Turns out I ended up sitting next to a guy who's breath smelled *exactly* like ass. I'm not even exagerating. At first I thought he was farting, but then I realized the smell came when he opened his mouth! Can you imagine?! How is this even possible?! Did he have fecal fries? Shudder. Double shudder. Triple shudder and a shake. What could I do? "Hey buddy, can you hand me your barf bag, because with breath like yours, I'm going to need it?" No way! Besides, what would I do if he tried to engage me in conversation?! Ew. I would die. Right there.

I needed a plan. If I offered him a mint, he might decline or worse yet, try to use that as a stepping point to chat. With an hour long flight I couldn't risk it. Next step. I needed to avoid talking to him at any cost. Ok. I started writing in my jounal. This is effective because it seemed like I was engrossed in something important. Maybe I was a student writing a paper. Maybe I was an author in the middle of an inspiration. Maybe I was writing my deepest darkest secrets in a jounal. Maybe I was Maybelline. To further solidify the "don't talk to me" vibe, I put my MP3 headphones on and leaned as far away from his seat as possible. Perfect. Not sure what the lady on the other side of me thought, but it didn't matter at this point.

Unfortunately, this didn't stop the smell, it just prevented him from interacting with me. Plus McStinkerson was exhausted and kept yawning. I hoped he'd get a coffee from the cart to wake himself up a bit. No dice. I needed to go deeper. I needed to be tough. Navy Seals are tough. GI Jane was tough. So I watched him from the corner of my eye and whenever he yawned I held my breath. Mission Impossible music played in the background. I heard it. I held my breath for as long as I could while the bum-breath-funk disipated. Then: "Pahhhhh! Wheeeeeze! Pahhh! Wheeze!" Inhale. Exhale. I played it cool like I wasn't really gasping for air.

I thought of writing a note on a peice of paper and ringing the bell for the steward. I'd smile sweetly and hand over the note, which would read: "Please! The dude beside me has breath that smells like pure death, please insist that I move to another seat! I'll give you a quarter." I'd even draw a frowning face with tear drops under the eyes. If she didn't like my drawing and shot me down, I could be in a worse situation. I scraped that idea.

The smell was unbearable. I even took my barf bag out and kept it under my journal just in case. I prayed. I prayed that God would help me not to throw up. I just ate pizza and I knew the acid in my stomach would have turned the cheese rancid. No one wants to sit next to puke girl. Besides, it was imperative that I keep the barf bag for cookies. Be strong, you can do it. Navy Seal. Navy Seal. I started laughing. Hysterically. People were staring. This only made me crack up more. Try hiding insanity. "Gasp! Hahahaha. Gasp! Wheeze! Hahahha!"

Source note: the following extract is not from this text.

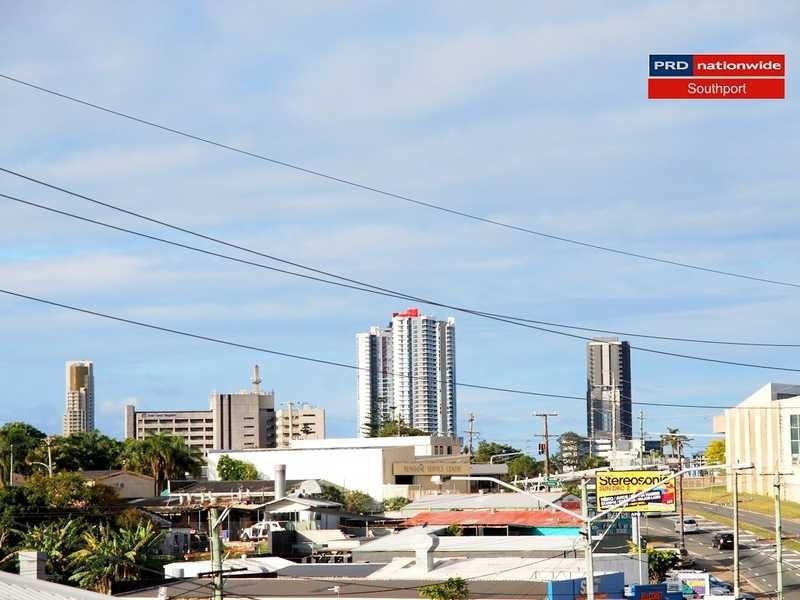 2/212 Nerang Street, Southport QLD 4215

Focus. Stop it. Focus. I got some water from the cart. I thought maybe it would settle my stomach and help me calm down. Instead, it disolved the pizza bread in my stomach making me feel queezier. Not good. Not good at all. Maybe I should get up. Seatbelt sign went back on! Shoot. Wait a minute, the plane was going to land soon! So close. So close. I sweated. I honestly did. Hold together soldier, hold on.

I made it! The plane stopped, the lights came on. McStinkerson stood up and created the most beautiful metre of distance that has ever existed. I claimed honourary Navy Seal status for my tenacity and assiduousness.